As for the least important election in our history, I think we have to go back exactly 200 years, to the election of 1820. This occurred during the so-called Era of Good Feelings, in the aftermath of the War of 1812. Americans were unified, and partisan politics was at a low ebb. James Monroe ran for reelection without any major opponent, and won 80.6% of the popular vote, along with all but three possible electoral votes.

But the Era of Good Feelings met a sudden death just four years later, during the election of 1824. This was probably our most exciting election in history.
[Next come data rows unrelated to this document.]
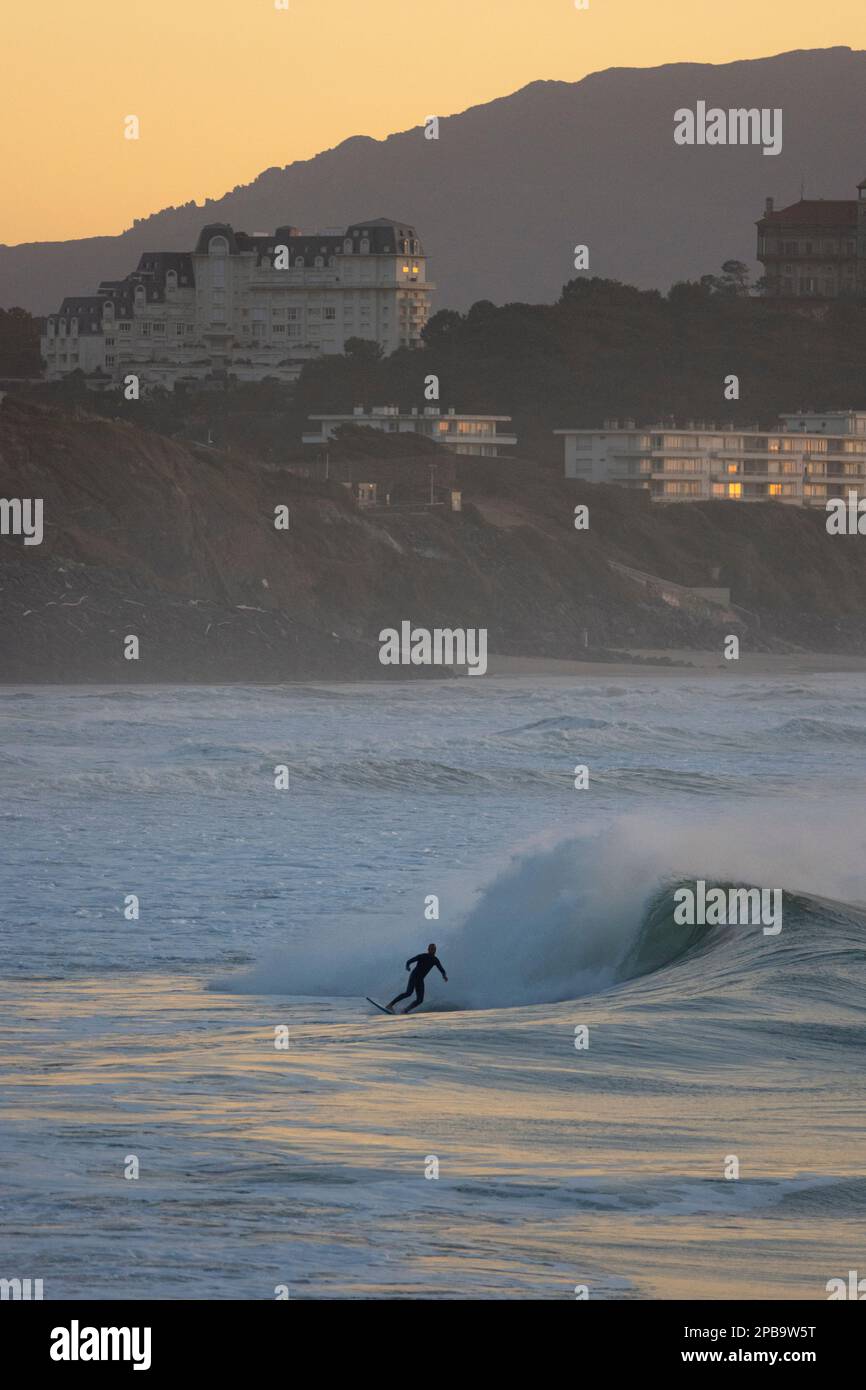 Surfer bei Sonnenuntergang auf dem Côte des Basques - Biarritz, Frankreich Stockfoto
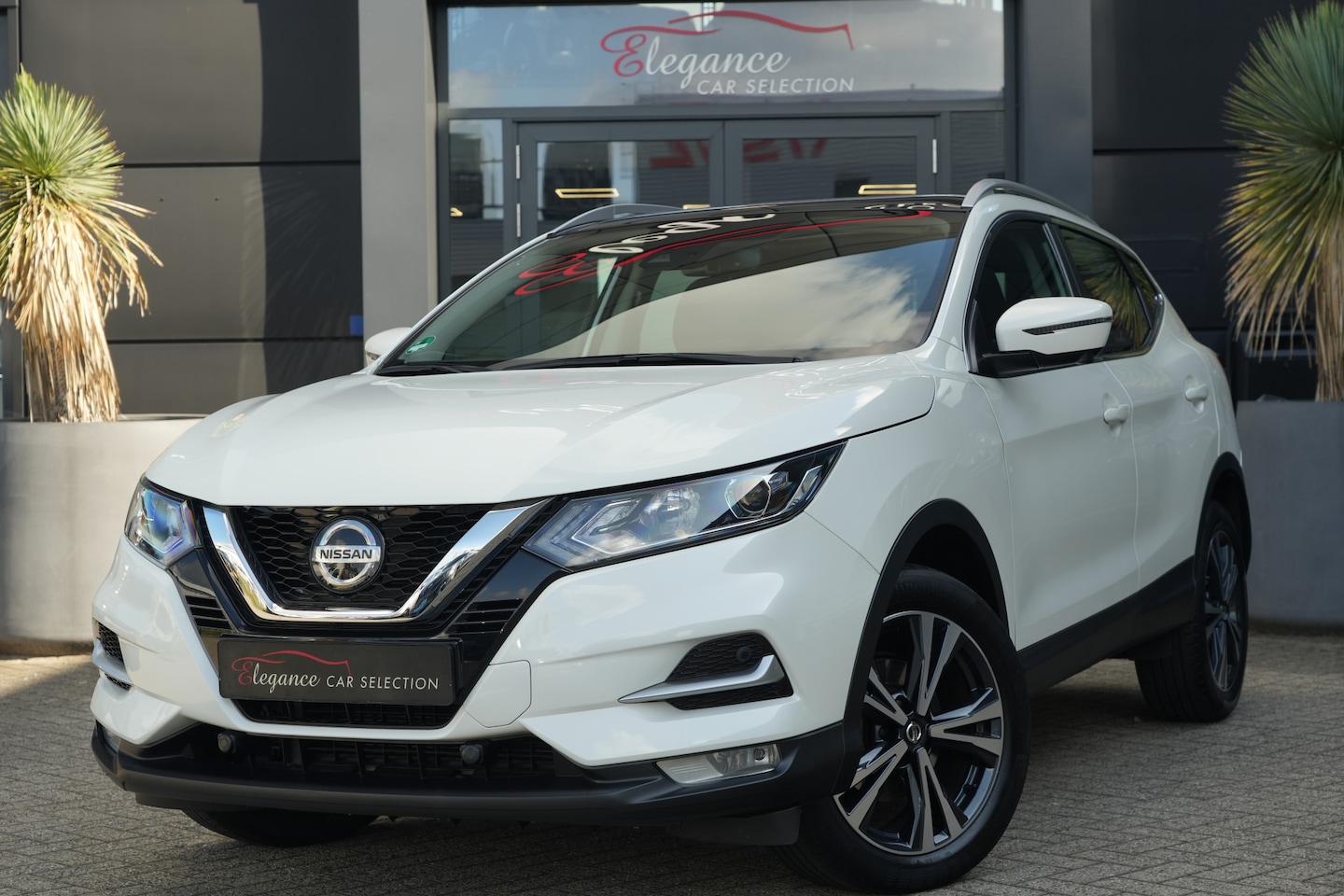 Nissan Qashqai - 1.3 DIG-T Design Edition 141pk Panoramadak/Navigatie/360Camera - AutoWereld.nl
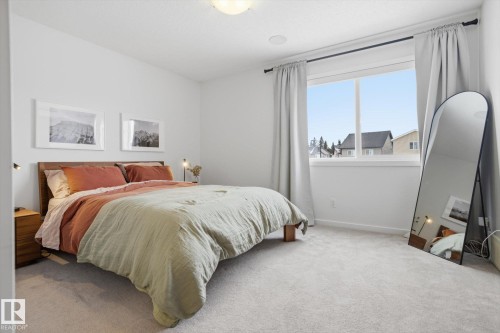 347 Desrochers Boulevard, Edmonton, AB - Indoor Photo Showing Bedroom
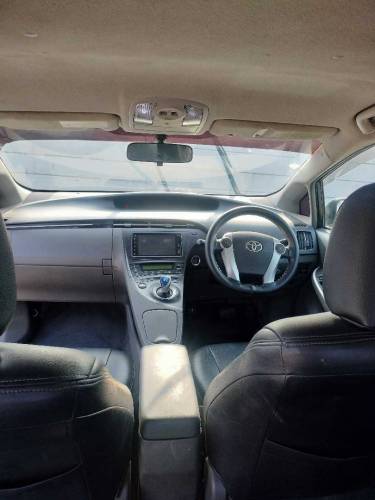 prius L edition 2011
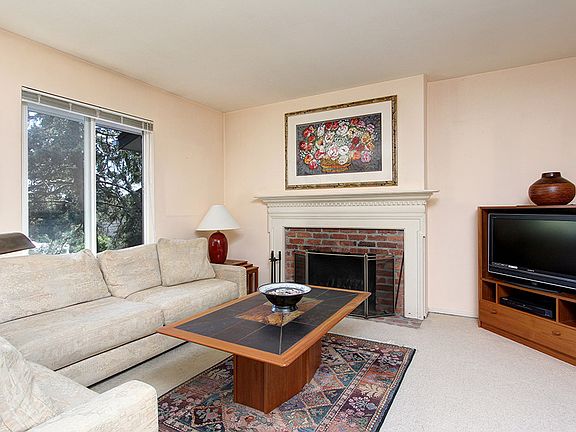 4th image of 115 100th Ave NE #301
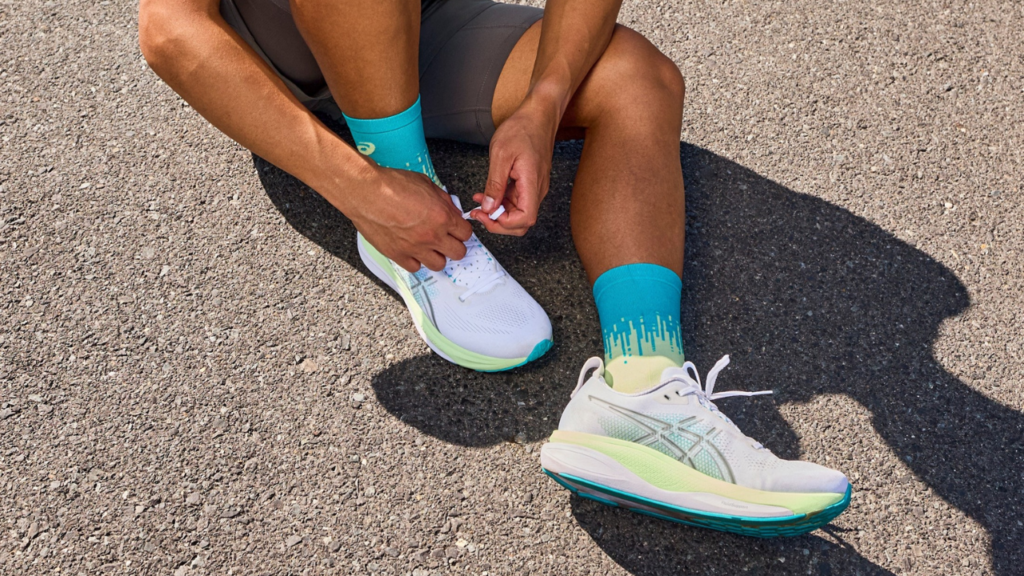 Novo GEL-KAYANO 33 aposta em tecnologia inédita para oferecer mais estabilidade, conforto e suavidade durante a corrida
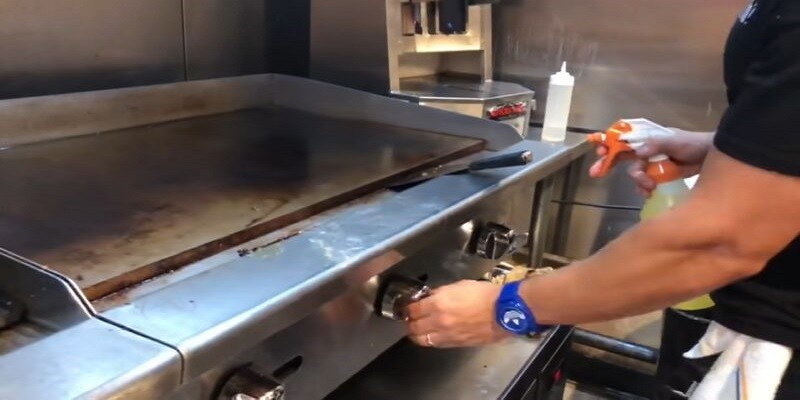 How To Clean A Flat Top Grill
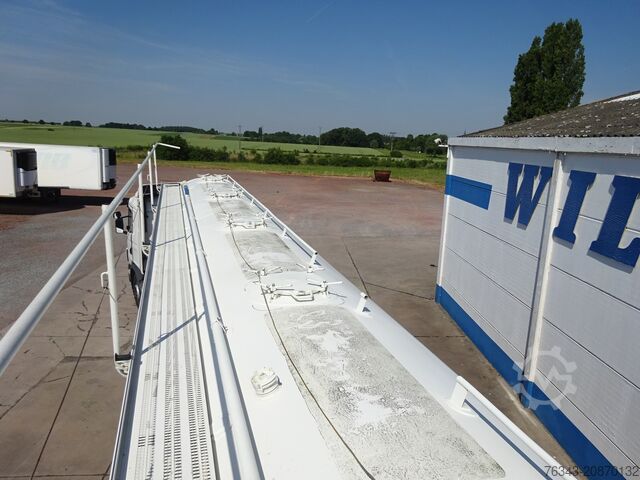 Tankauflieger Benalu CITERNE PULVERULENTE 64000 L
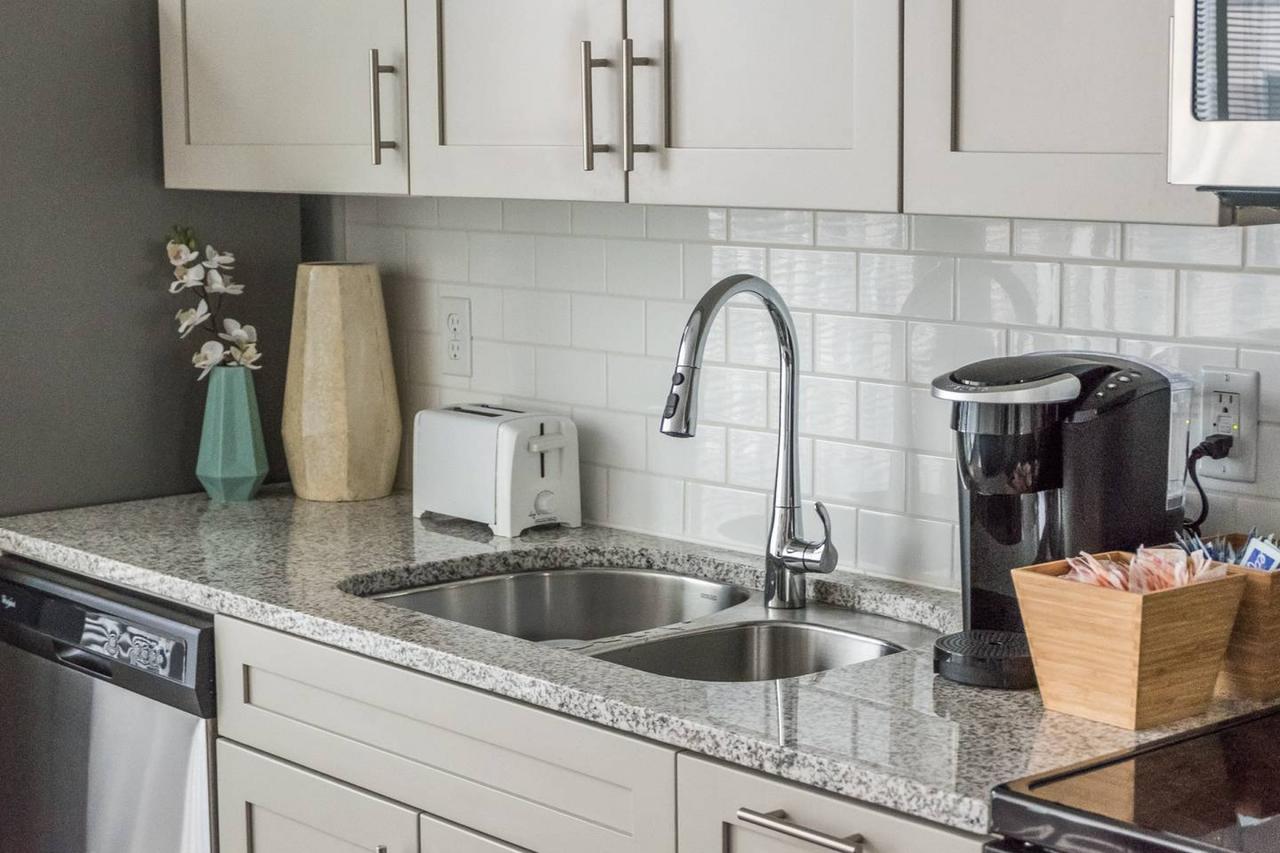 UNBELIEVABLE CITY VIEWS IN UPTOWN HIGH-RISE STUDIO - thumb 3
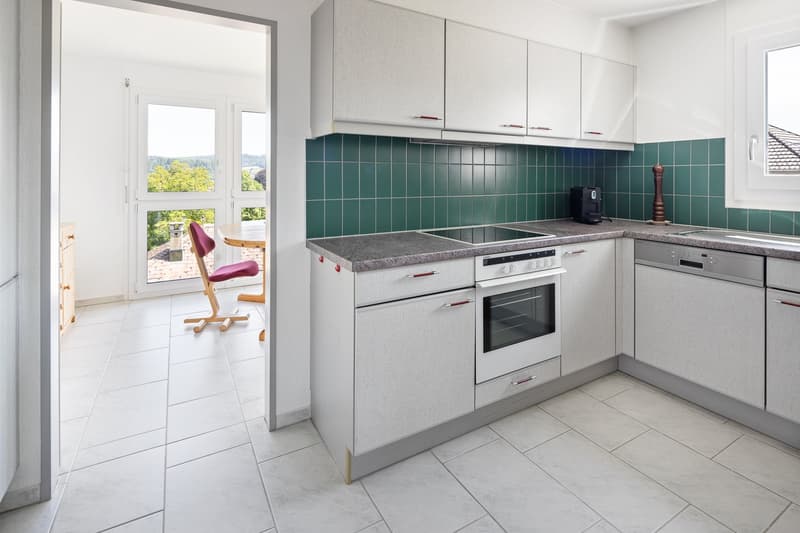 Attractive 6 ½-room maisonette apartment with 2 balconies in a quiet and sunny central location (9)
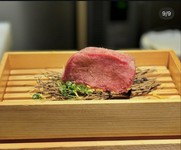 牛タンを塊のまま贅沢に
焼き上がったら寝かせて旨みを凝縮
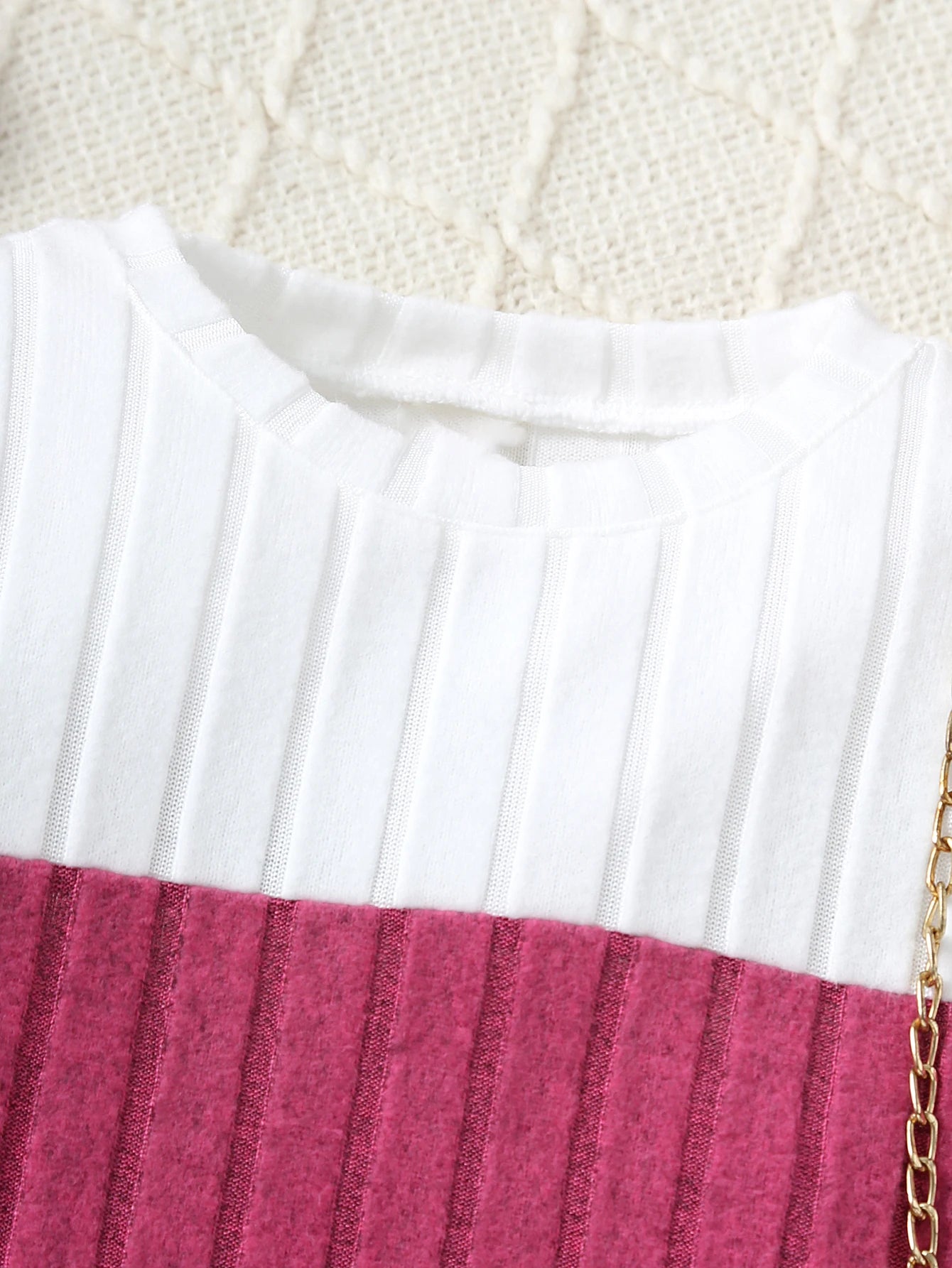 Autumn And Winter Color Blocked Knitted Dress For Girls, Slim Fit Temperament Mid Length Skirt With Hat Included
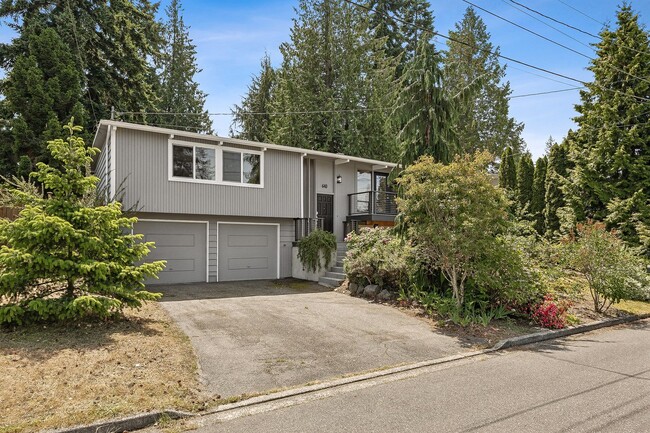 Building Photo - Beautifully Remodeled 3 Bed/2 Bath Edmonds...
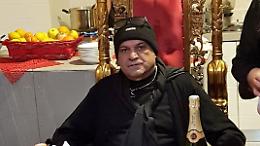 Romolo ha lasciato a casa il trono, ma continua  a essere «Scarface»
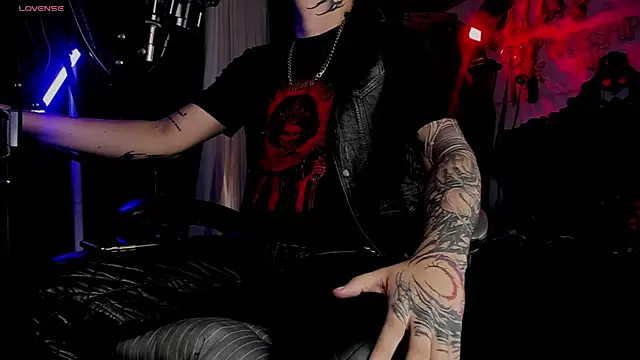 allanhurtss online show from November 13, 10:03 pm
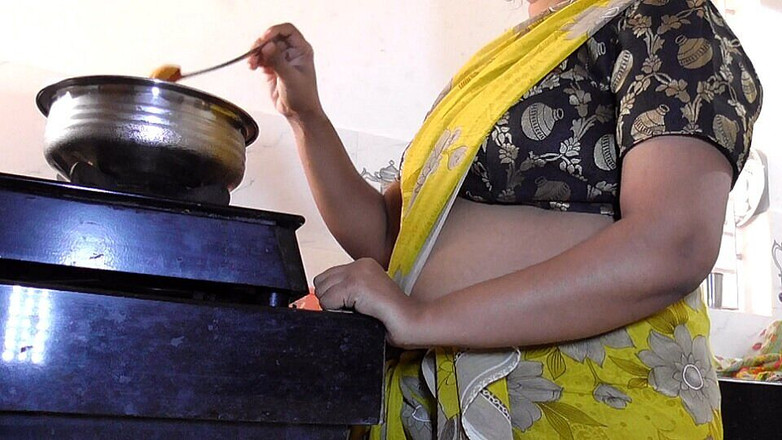 Indian Disha: सौतेली मम्मी वीर्य निकालने में मेरी मदद करती है और मैंने उसे किचन में चोदा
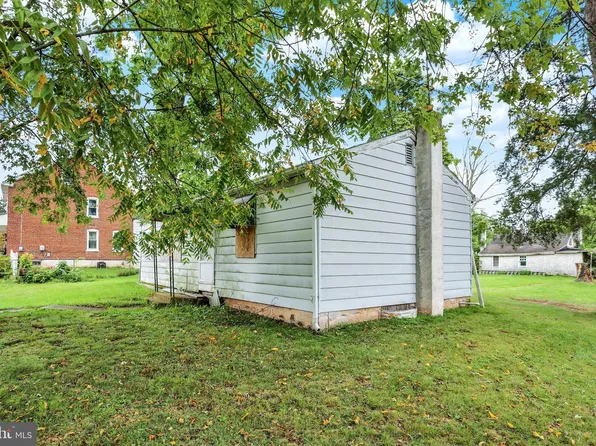 546 Lemon St, Pottstown, PA 19464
Four candidates ran a cutthroat race. 131 electoral votes were needed to win, and every candidate came up short. Andrew Jackson got the most votes, winning 41% of the popular vote, and 99 electoral votes. John Quincy Adams came in a fairly distant second, with 31% of the popular vote, and 84 electoral votes. Secretary of Treasury William H. Crawford came in third, with 11% of the popular vote, and 41 electoral votes. And sucking hind tit was Henry Clay, with 13% of the popular vote, and 37 electoral votes.

Because nobody won a majority of the electoral votes, this election had to be decided by the House of Representatives, among the top three finishers.

Henry Clay was the Speaker of the House. Since he had finished fourth, he wasn’t in the running. But as Speaker of the House, he could be a king maker. Adams allegedly made a “corrupt bargain” with Clay. Conspiracy theorists of the day alleged that Clay agreed to use his influence in the House to get Adams elected, in return for an appointment to Secretary of State. Whether that was true or not, the House did vote the second-place Adams in as president, and first-place Jackson lost.

And true to his alleged corrupt bargain, Adams appointed Clay to be his Secretary of State.

It sparked a national uproar. Jackson’s supporters were apoplectic. And the nation sympathized with Jackson, believing he’d been cheated out of the presidency.

Jackson responded by building a political apparatus that would later become known as the Democratic Party. This machine went to work on President Adams, making him as miserable as possible, and preventing him from accomplishing almost anything. And in 1828, this machine helped Jackson defeat Adams by a landslide, installing him as our seventh president.

Pundits warn we could very likely have a similar election this year, to 1824. There are many signs that the election results may be close and hotly disputed. And this could throw it to the House of Representatives. Speaker of the House, Nancy Pelosi seems to have it in for Trump, so who knows what would happen?

These are interesting times. I doubt this is the most important election in our history. But I would agree that it could become our most exciting.